After the revolution, despite securing a pension and public housing, and while Mr. Bréguet built a successful business among the new French elite, Mr. Janvier’s financial situation deteriorated for reasons that are not well understood.

By 1812, the date he completed the resonance clock offered in the Sotheby’s sale, Mr. Janvier was in bankruptcy and his possessions auctioned to pay debts.

Six years later, while Bréguet’s business flourished on the Quai de l’Horloge in Paris, Janvier returned to his native Jura, where he died in poverty in 1835.

“Janvier was ahead of his time,” Mr. Journe said. “Part of his genius was his reductionism. He would remove pieces, synthesize movements and simplify his mechanics while increasing precision. He could do with four wheels what was done with five before him.”

In 1980, while employed in a restoration atelier tending to antique clocks, Mr. Journe came upon one of Bréguet’s resonance regulators. “Prior to that, I had not seen a regulator,” he said. “I was seduced by the mechanism even before I became a watchmaker.”

When he received his first order for a handmade pocket watch, Mr. Journe proposed a resonance-based mechanism to his client.

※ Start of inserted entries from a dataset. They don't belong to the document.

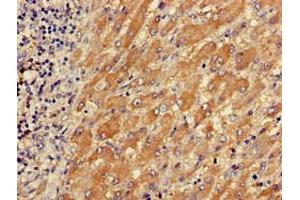 Immunohistochemistry of paraffin-embedded human liver cancer using ABIN7173558 at dilution of 1:100 (TPM3 antibody  (AA 18-224))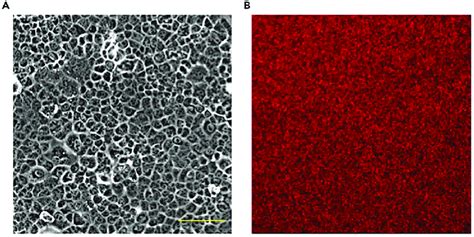 Confluent Monolayer Of Aml Cells On Pdms Substrate Representative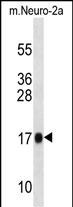 Rabbit Polyclonal Antibody to Mouse Rpl13a (N-term)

“It was the second watch I had ever made,” he recalled. “It was not a success but I told myself I would start again.”

Fifteen years passed before he would attempt the same feat again, realizing with experience that the mechanism, more than a gadget, helped establish equilibrium inside the watch, protecting it from interference by external forces.

“Most wristwatches accelerate or slow down because of outside vibrations,” Mr. Journe said. “A resonance system envelops the watch’s mechanism with such force that it stops any disturbance and enhances the movement’s precision. It is nature establishing an equilibrium.”

At an auction in 2001, Mr. Journe paid nearly $1 million for a resonance precision regulator made by Janvier, a moment he called “extremely emotional.”

“It was the first known application of the phenomenon of resonance. It symbolized the link between my own ‘Chronomètre à résonance’ and the most interesting 18th-century research,” Mr. Journe wrote on his company’s Web site.

Another such regulator is at the Paul Dupuis Museum in Toulouse and a desk-top version is at the Patek Philippe museum in Geneva.

While celebrating a decade of making resonance wristwatches, Mr. Journe also announced that the Journe Résonance collection would now be ended.

“We have decided to close the chapter on what was already a very exclusive limited edition and a fascinating adventure,” he said.